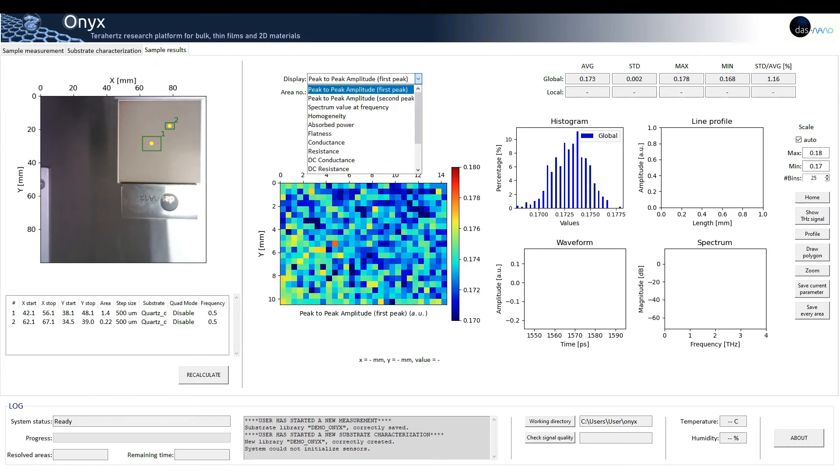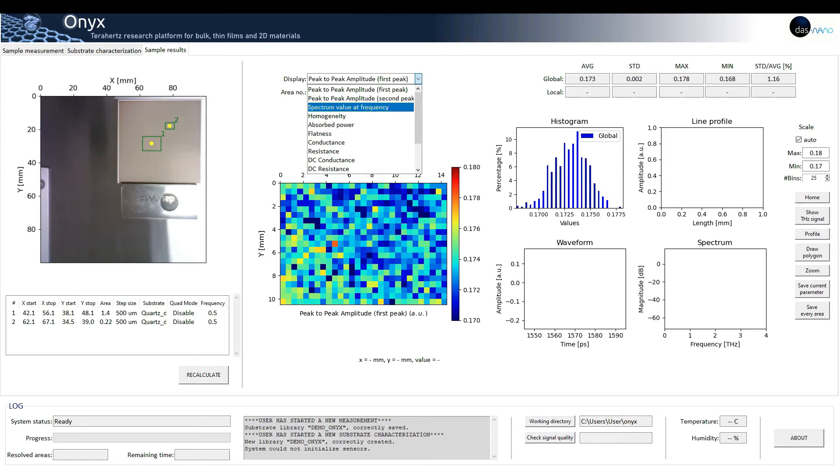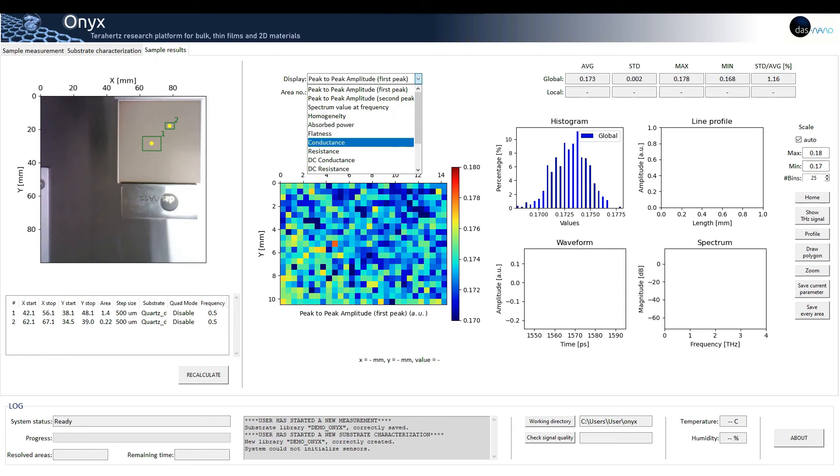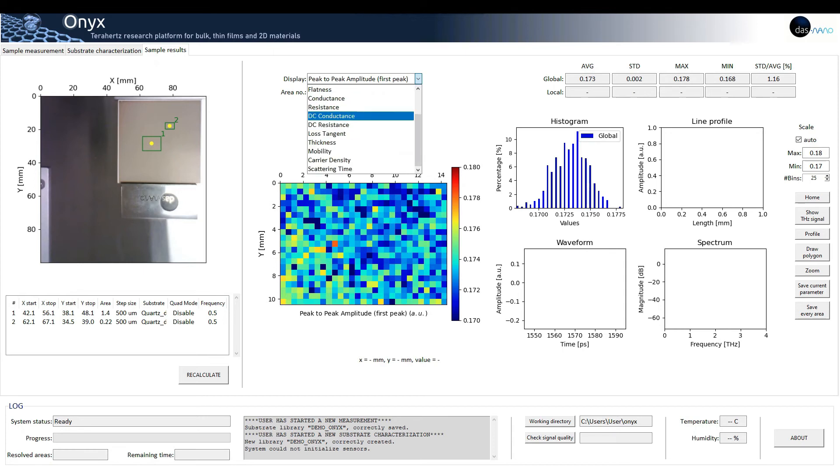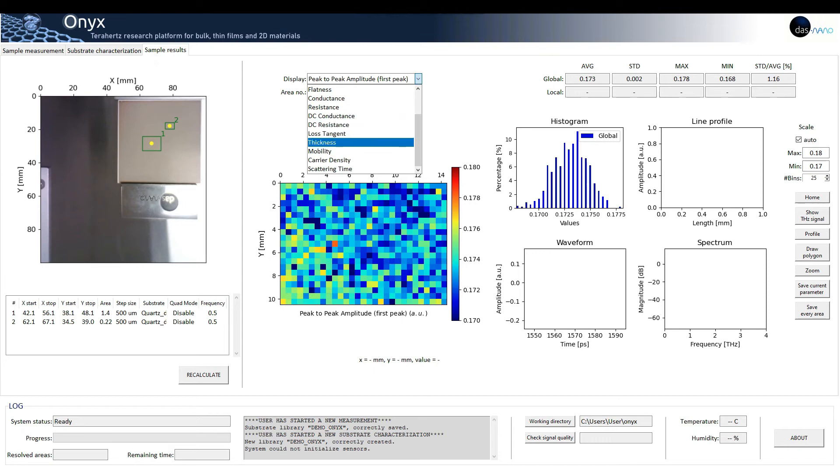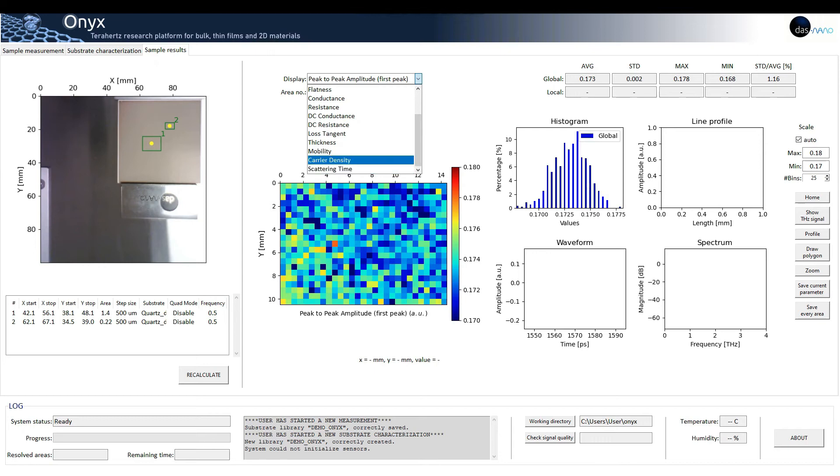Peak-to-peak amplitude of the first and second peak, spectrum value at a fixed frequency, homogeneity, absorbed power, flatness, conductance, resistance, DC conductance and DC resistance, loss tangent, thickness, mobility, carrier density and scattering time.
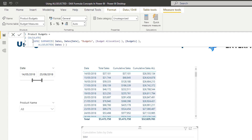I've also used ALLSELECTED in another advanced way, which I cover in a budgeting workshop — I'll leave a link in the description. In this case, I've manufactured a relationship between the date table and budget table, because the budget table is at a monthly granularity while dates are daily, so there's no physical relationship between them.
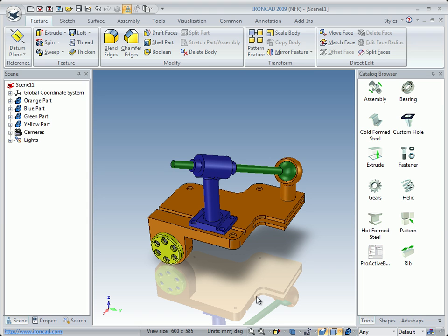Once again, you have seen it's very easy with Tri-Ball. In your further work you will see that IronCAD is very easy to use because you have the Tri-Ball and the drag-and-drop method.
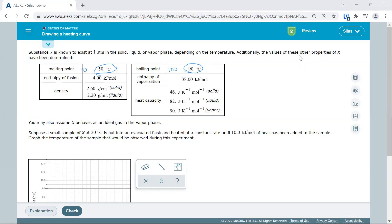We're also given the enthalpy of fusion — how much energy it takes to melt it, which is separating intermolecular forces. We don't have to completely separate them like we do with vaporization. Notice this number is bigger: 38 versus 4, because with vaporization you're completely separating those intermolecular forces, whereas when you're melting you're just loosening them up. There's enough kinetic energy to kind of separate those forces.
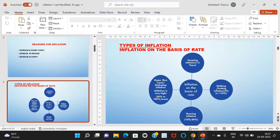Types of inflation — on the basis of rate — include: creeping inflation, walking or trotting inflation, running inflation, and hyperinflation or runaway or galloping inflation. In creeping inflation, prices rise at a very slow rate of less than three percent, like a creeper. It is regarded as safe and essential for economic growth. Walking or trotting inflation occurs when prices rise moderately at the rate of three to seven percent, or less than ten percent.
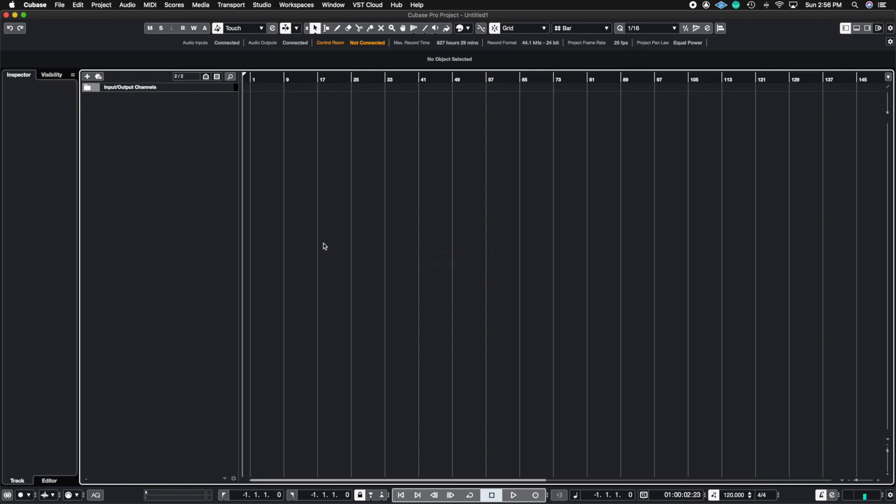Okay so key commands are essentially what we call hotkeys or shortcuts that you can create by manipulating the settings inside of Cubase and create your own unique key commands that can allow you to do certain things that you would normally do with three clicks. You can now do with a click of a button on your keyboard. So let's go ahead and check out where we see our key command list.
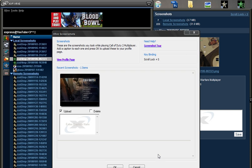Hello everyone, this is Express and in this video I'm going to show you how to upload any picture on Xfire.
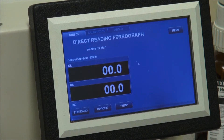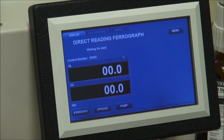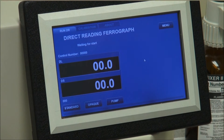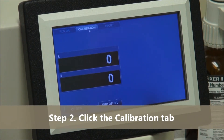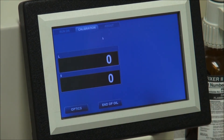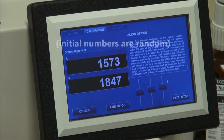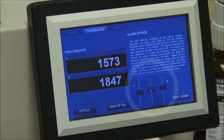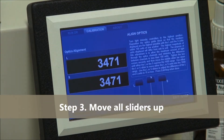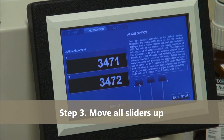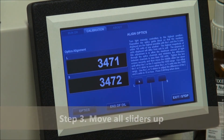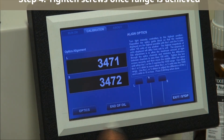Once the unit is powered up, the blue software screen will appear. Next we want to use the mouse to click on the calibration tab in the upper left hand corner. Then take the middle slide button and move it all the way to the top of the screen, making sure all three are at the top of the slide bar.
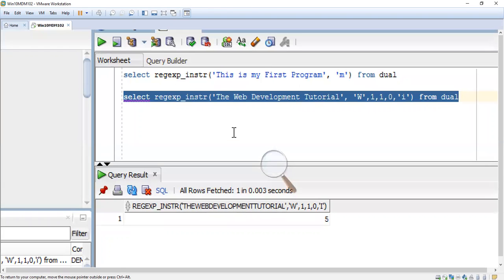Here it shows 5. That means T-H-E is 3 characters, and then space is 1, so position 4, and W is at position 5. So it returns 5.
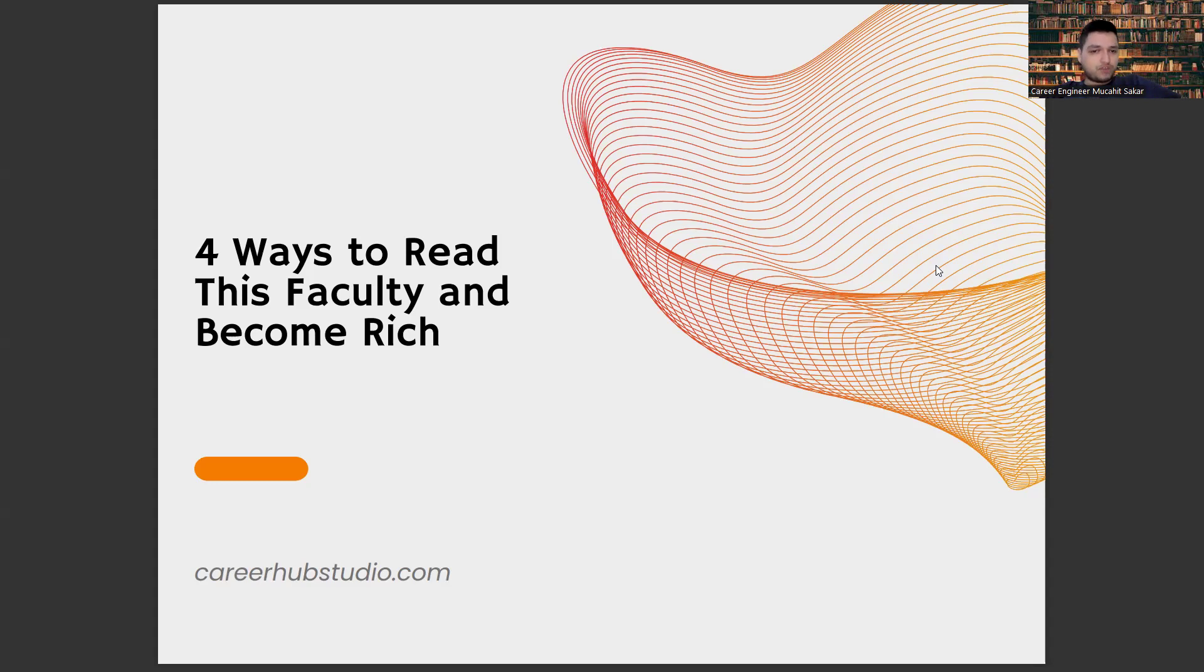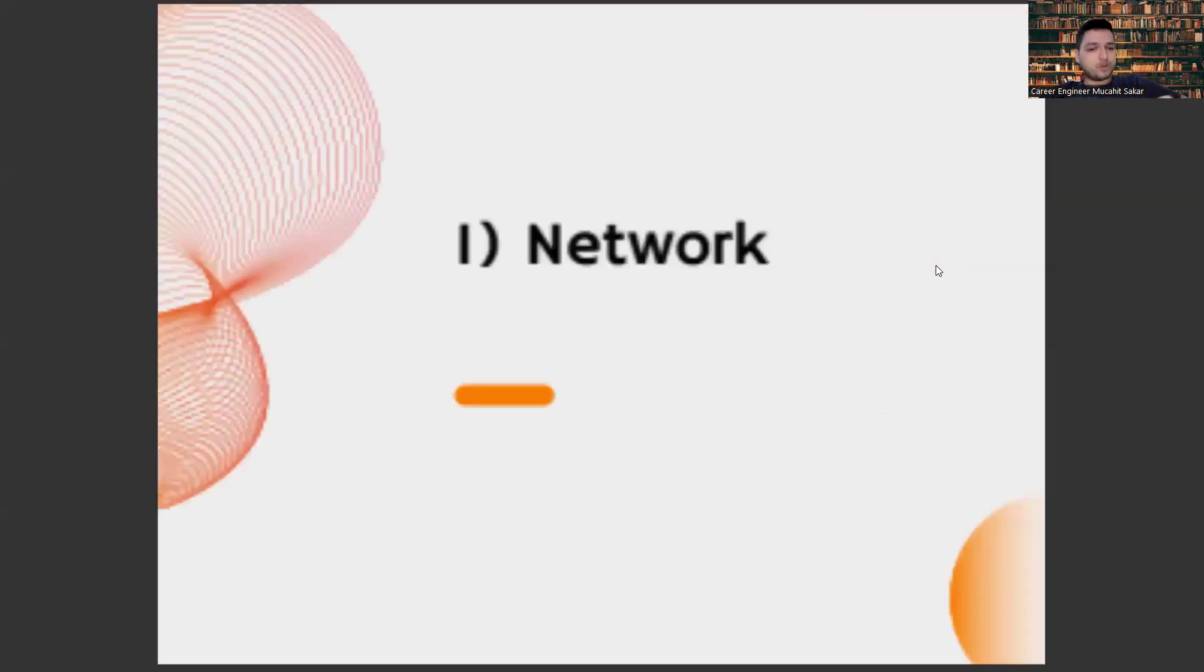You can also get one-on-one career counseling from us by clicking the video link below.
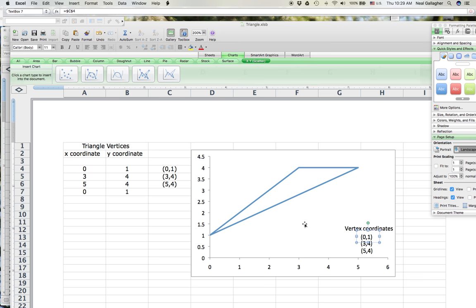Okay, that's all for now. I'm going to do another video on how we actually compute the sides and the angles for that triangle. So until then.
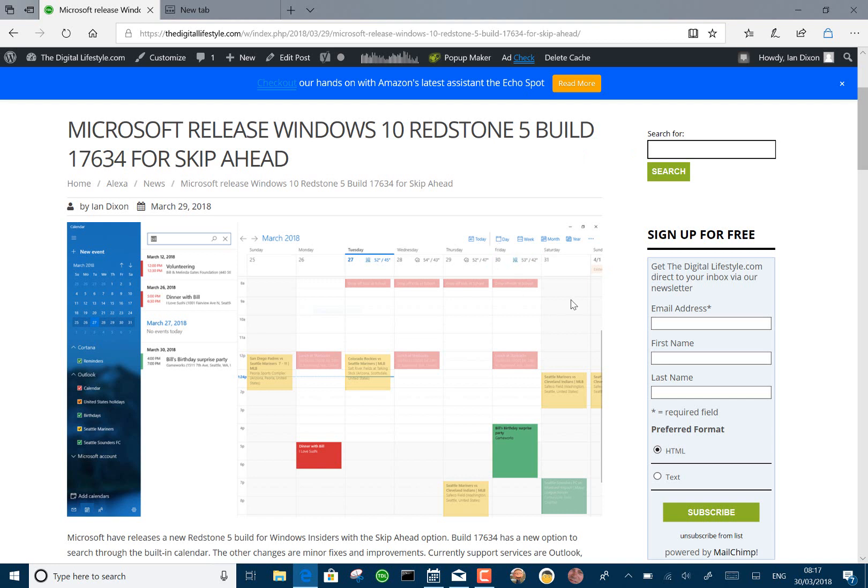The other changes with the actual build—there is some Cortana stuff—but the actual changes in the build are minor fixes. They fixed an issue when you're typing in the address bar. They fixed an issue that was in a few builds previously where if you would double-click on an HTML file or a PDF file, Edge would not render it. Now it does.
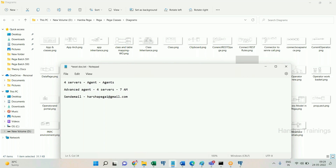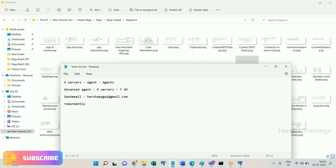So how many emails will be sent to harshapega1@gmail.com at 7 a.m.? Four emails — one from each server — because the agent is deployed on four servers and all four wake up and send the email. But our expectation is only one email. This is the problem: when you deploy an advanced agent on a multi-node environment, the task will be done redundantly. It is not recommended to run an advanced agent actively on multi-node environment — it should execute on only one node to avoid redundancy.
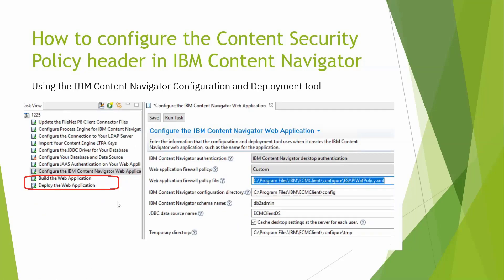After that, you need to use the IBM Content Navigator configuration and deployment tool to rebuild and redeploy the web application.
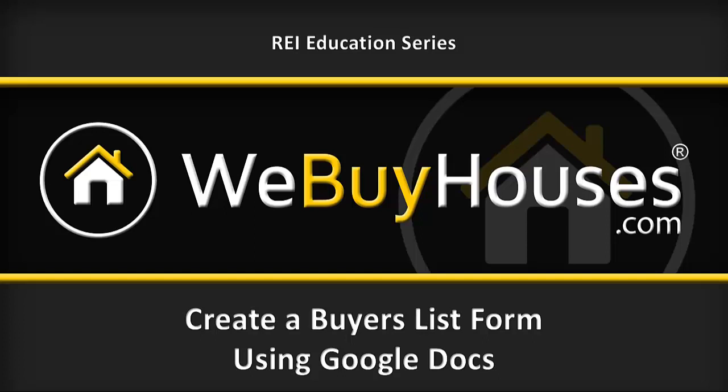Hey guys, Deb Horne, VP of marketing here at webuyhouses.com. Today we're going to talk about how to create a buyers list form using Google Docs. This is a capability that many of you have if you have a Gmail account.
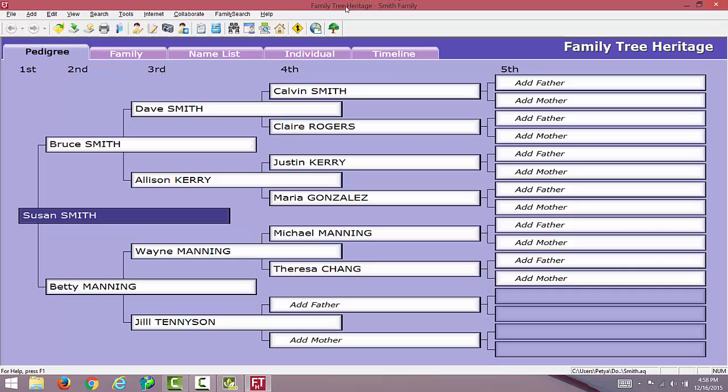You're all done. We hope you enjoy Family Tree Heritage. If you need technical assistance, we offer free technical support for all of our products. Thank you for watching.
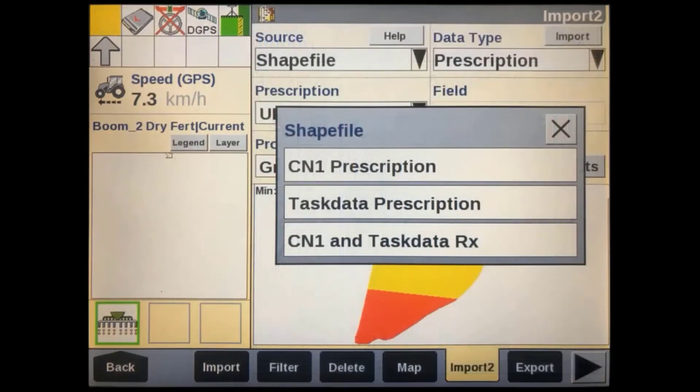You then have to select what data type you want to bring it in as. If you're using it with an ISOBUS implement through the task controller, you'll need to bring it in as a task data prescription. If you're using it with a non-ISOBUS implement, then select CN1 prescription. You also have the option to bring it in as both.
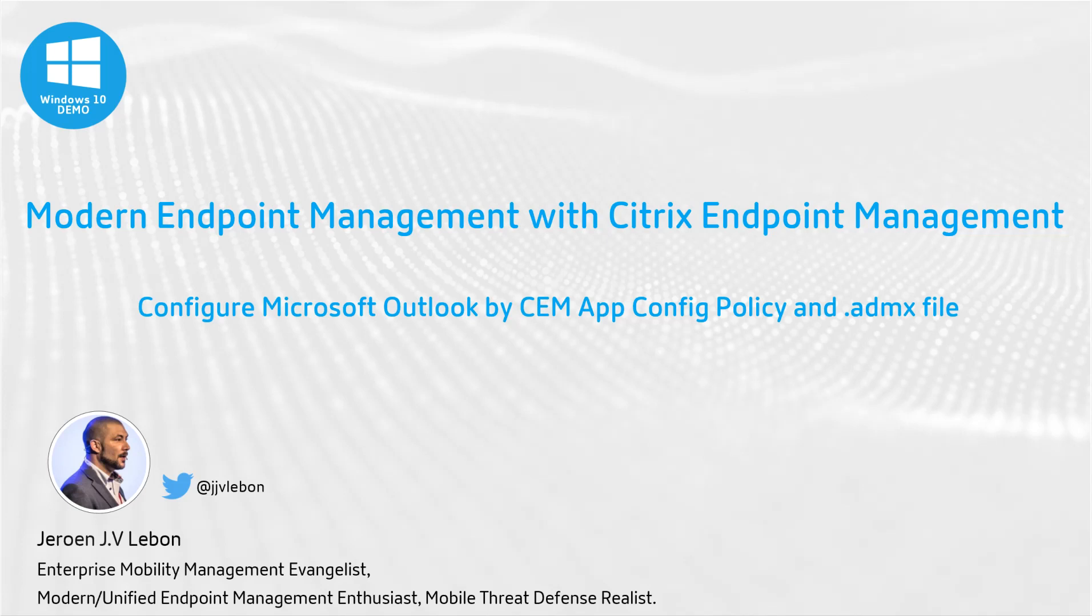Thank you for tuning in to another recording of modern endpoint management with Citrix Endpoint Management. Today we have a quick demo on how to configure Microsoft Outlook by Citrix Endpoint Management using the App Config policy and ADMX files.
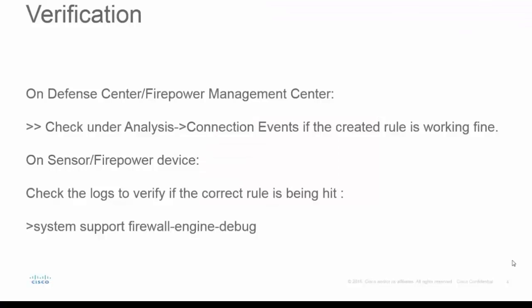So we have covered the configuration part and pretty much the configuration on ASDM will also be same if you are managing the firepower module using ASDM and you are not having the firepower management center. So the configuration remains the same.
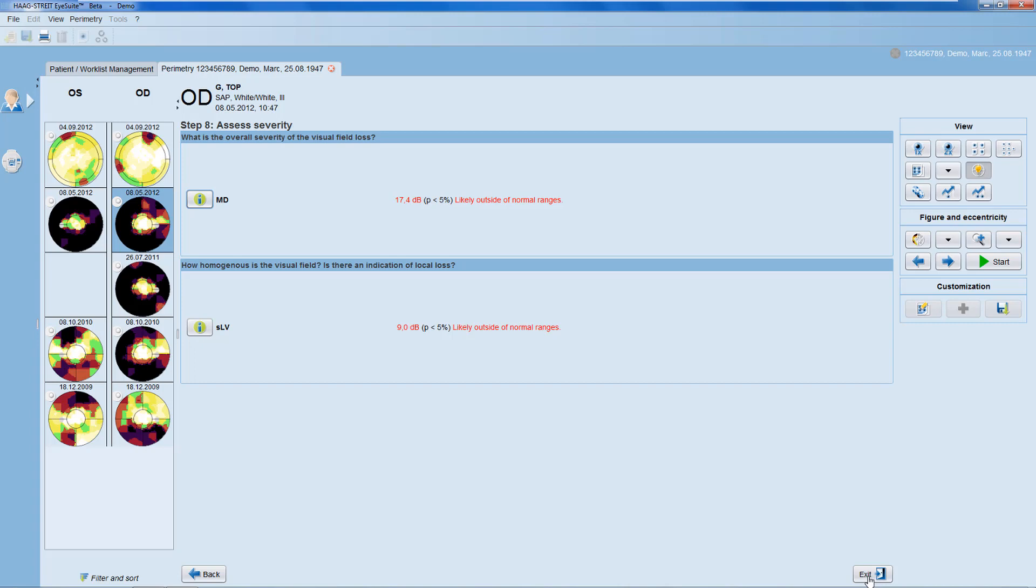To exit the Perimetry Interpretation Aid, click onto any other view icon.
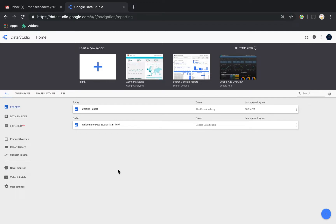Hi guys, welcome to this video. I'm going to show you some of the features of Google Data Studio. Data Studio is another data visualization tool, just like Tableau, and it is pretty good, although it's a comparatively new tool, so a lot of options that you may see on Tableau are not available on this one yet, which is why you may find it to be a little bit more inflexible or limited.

[EXERCISE INSTRUCTIONS] Leave out the pictures, and extract exactly the lines from the one with "So we have covered" through the end of the records, both ends included.

[EXERCISE SOLUTION]
So we have covered the configuration part and pretty much the configuration on ASDM will also be same if you are managing the firepower module using ASDM and you are not having the firepower management center. So the configuration remains the same.
To exit the Perimetry Interpretation Aid, click onto any other view icon.
Hi guys, welcome to this video. I'm going to show you some of the features of Google Data Studio. Data Studio is another data visualization tool, just like Tableau, and it is pretty good, although it's a comparatively new tool, so a lot of options that you may see on Tableau are not available on this one yet, which is why you may find it to be a little bit more inflexible or limited.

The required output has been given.